In the category of “Insulted Injury”, note that the deleted scenes for Max all appear in their original 1.85:1 aspect ratio. That’s great, but I wish we could watch the actual movie in the same dimensions.

Next we locate a featurette called Alex to the Max. This seven minute and 55 second piece purports to show a day in the life of an actor from Alex D. Linz’s point of view. It also tosses in very brief soundbites from director Hill, producer Karz, and actors Zena Grey and Josh Peck, but their comments don’t add up to much. Instead, the program largely consists of Linz’s generic statements and some decent footage from the set. The latter makes this show moderately entertaining, but it’s nothing special.

With Max’s Halls of Knowledge and Stuff, we get a trivia game. Proceed through it and you’ll actually get a decent reward: some outtakes from the movie that show alternate endings. The questions are very easy, but the interface makes progress slow; like a cheesy CD-ROM game from 1994, it takes forever to move Max through the halls of the middle school. Still, I’m happy that we receive a prize for this effort; too many DVD trivia games give you nothing substantial at the end.

When you start the DVD, you’ll find the usual complement of advertisements. Here we get a preview of the upcoming theatrical release Spy Kids 2 as well as commercials for Beauty and the Beast, The Rookie, Monsters Inc., Air Bud: Seventh Inning Fetch, and Snow Dogs. From the main menu, you’ll discover a Sneak Peeks area that includes trailers for the upcoming DVD releases of Teamo Supremo, Tarzan and Jane, Mickey’s House of Villains - incorrectly called Haunted House of Mouse in the menu - and Schoolhouse Rock.

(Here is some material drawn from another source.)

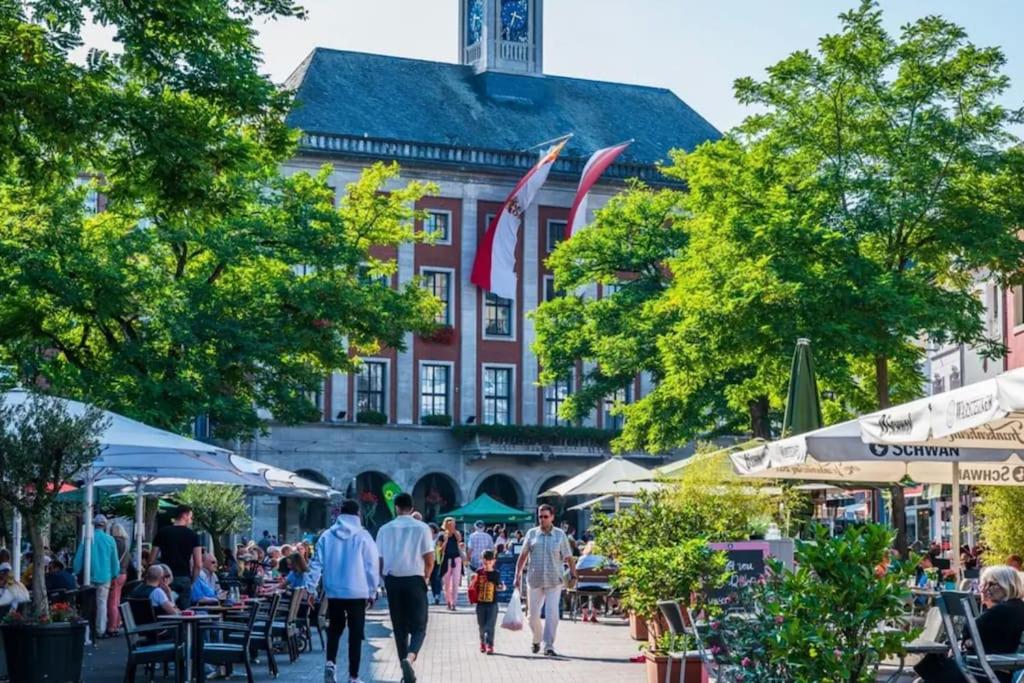 1 OG Direkt an der LAGA 2026 - Moderne Stadtwohnung am Neusser Markt!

In the DVD-ROM area, we find two features. In addition to a weblink for the Disney video site, we get a game called Max Keeble’s Ultimate Food Fight. Little more than a simple target-shooting contest, it actually is more fun than I expected. The four-level contest starts easy but gets somewhat hectic by the end, and it seems fairly well executed for what it offers. In addition, you get a minor reward if you complete it: a short featurette that looks at the creation of the film’s food fight scene.

As one outside of its target audience, I can’t say that Max Keeble’s Big Move did much for me. The movie had a few entertaining moments, but most folks over the age of 14 will find little to enjoy here. The DVD release of Max left a lot to be desired. Not only did Disney decide to release only a fullscreen version of the film, but also the quality of the picture seemed moderately flawed. At least the audio sounded generally good, and the set also included a reasonable roster of extras.

Although Max Keeble’s Big Move presented decent fare for its audience, ultimately I can’t recommend the DVD, largely because of the absence of original aspect ratio (OAR). To see a brand-new film hit DVD with no OAR option seems unthinkable, but here’s an example. I just can’t urge anyone to rush out to buy a pan and scan product like this, especially since it doesn’t even present a strong picture within the fullscreen parameters. For those who don’t care about aspect ratios, is the image quality problematic enough to make them skip the disc? No, the movie actually looked decent to good; it just showed more flaws than I’d expect from a brand-new film. I’d still hope that folks who care about original ratios would avoid Max Keeble’s Big Move and make sure Disney knows their displeasure with the product.